En la nave no huele a nada, no hay nada para poder leer. Todo está inmaculadamente ordenado y controlado por los médicos y los especialistas cubiertos con un traje blanco, como astronautas. Lo único que da un poco de alegría es la comida, que se toma en cápsulas color arco iris. Aunque no distingue los sabores; y antes de tragárselas hace dibujos y letras con ellas.

Al resto de voluntarios ya parece darle igual todo, y como borregos o anestesiados miran hacia la gran negrura afuera de la bóveda acristalada de la nave.

En cuanto la vacunen pedirá un permiso especial para volver a la Tierra en una cápsula individual. Ya ha averiguado que hay diez de ellas. Tal vez los de la tripulación se las hayan reservado; pero ya lo ha planeado: se colará cual polizón y regresará a la Tierra. Vacunada y posiblemente con secuelas. Pero no le importa con tal de regresar.

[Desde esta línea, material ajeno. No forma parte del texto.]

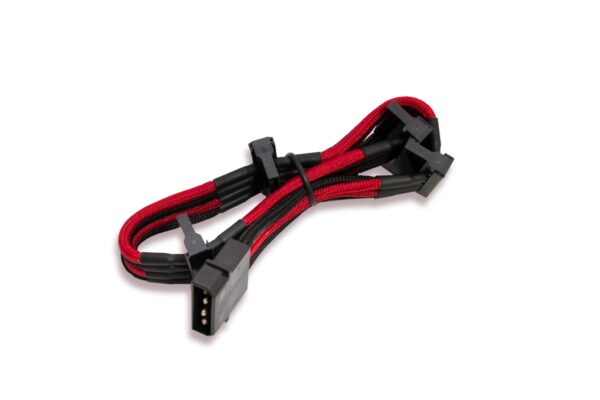 CavoProlunga Sleevato IDE 4Pin a 4xSATA- 300mm- Nero Rosso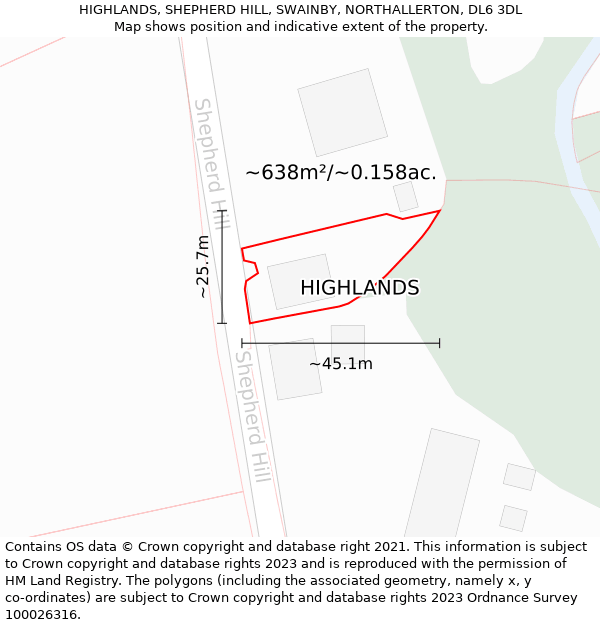 HIGHLANDS, SHEPHERD HILL, SWAINBY, NORTHALLERTON, DL6 3DL: Plot and title map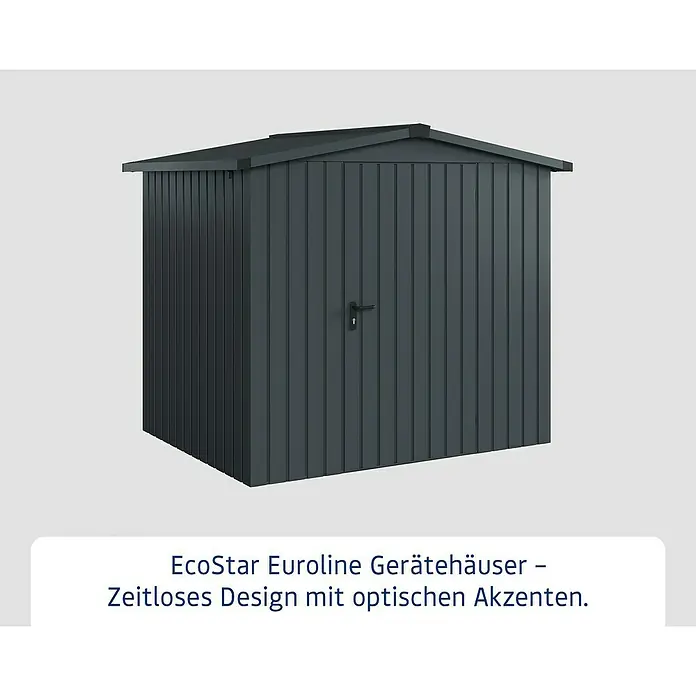 EcoStar Gerätehaus Euroline Trend ESD4 - Außenbreite inkl. Dachüberstand: 237 cm, Außentiefe inkl. Dachüberstand: 181 cm, Stahl, Anthrazitgrau, Einzeltür - Dunkelgraues Metall-Gerätehaus mit vertikaler Verkleidung und schwarzem Türgriff.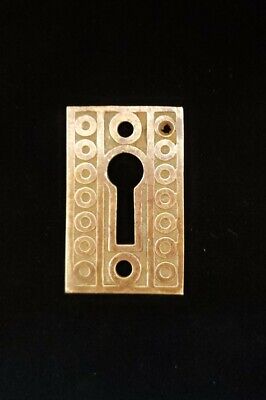 Antique Victorian Eastlake Cast Brass Keyhole Escutcheon Cover for Door, Drawer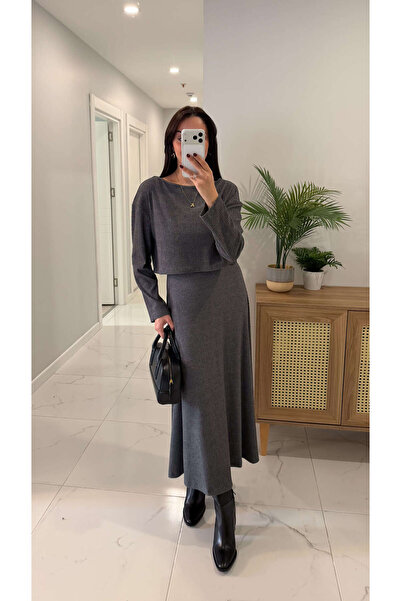 BİRCANÇİL Terisa Anthracite Corded Fabric Knitted Blouse Dress Set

Porque necesita regresar. Por su librería, por sus libros, por ella misma. No quiere convertirse en uno de esos zombies que miran sin mirar hacia la negrura exterior.

Cuando la sensación de angustia dura más de la cuenta, y se le han acabado las píldoras de colores, saca el manojo de llaves. Y, como un bebé con sus primeros juguetes, las huele, las toca, las hace sonar y se acuna.

Pronto volverá a casa. A su librería. A su casa. A su calle. Allí sí que estará a salvo.